CCH is diagnosed histologically by the presence of an increased number of diffusely scattered or clustered C cells. In MEN 2, the age of transformation from CCH to MTC varies with different germline RET pathogenic variants [Machens et al 2003].

Pheochromocytoma

Clinical findings.
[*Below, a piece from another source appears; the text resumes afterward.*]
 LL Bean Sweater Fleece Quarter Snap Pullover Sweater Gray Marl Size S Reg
Pheochromocytomas in individuals with MEN 2 are nearly always adrenal and often bilateral [Pomares et al 1998, Pacak et al 2005, Thosani et al 2013].

  • Individuals with a confirmed germline RET pathogenic variant who present with head and neck paraganglioma all have a personal and/or family history consistent with MEN 2 [Boedeker et al 2009].
  • Although pheochromocytomas in individuals with MEN 2 rarely metastasize, they can be lethal because of intractable hypertension or anesthesia-induced hypertensive crises.
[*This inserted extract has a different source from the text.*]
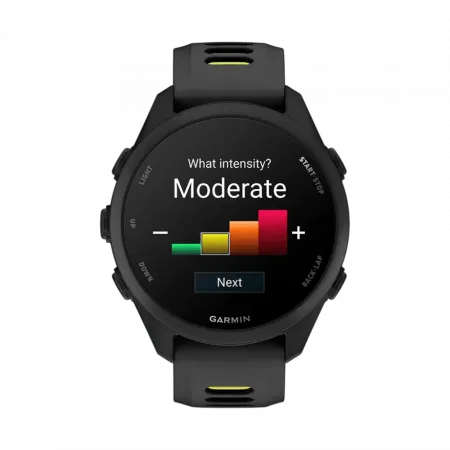 Смарт-годинник Garmin Forerunner 170 Black чорний з Black/Amp Yellow чорним/жовтим силіконовим ремінцем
Biochemical findings. Pheochromocytoma is suspected when biochemical screening reveals elevated excretion of catecholamines and catecholamine metabolites (e.g., norepinephrine, epinephrine, metanephrine, and vanillylmandelic acid [VMA]) in plasma or 24-hour urine collections [Pacak et al 2005, Ilias & Pacak 2009]. In MEN 2, pheochromocytomas consistently produce epinephrine or epinephrine and norepinephrine [Ilias & Pacak 2009].

Imaging. Abdominal MRI and/or CT is performed if plasma or urinary catecholamine values are increased or if a pheochromocytoma is suspected clinically. MRI is more sensitive than CT in detection of a pheochromocytoma.
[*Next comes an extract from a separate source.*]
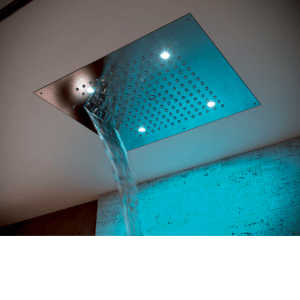 Plafond de douche encastré à fleur de plafond (avec chromothérapie)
[18F]-fluorodopamine ([18F]DA) PET is the best overall imaging modality in the localization of pheochromocytomas. If [18F]DA PET is unavailable, MIBG (123I- or 131I-labeled metaiodobenzylguanidine) scintigraphy should be used to further evaluate individuals with biochemical or radiographic evidence of pheochromocytoma [Ilias et al 2008]. 68Ga-DOTATATE-PET-CT results correlate best with biochemical parameters (reviewed in Neumann et al [2019]).

Parathyroid Abnormalities

Clinical findings. Parathyroid abnormalities can range from benign parathyroid adenomas to clinically evident hyperparathyroidism with hypercalcemia and renal stones.

Biochemical findings. Parathyroid abnormalities are present when elevated serum calcium occurs simultaneously with elevated or high-normal parathyroid hormone (PTH).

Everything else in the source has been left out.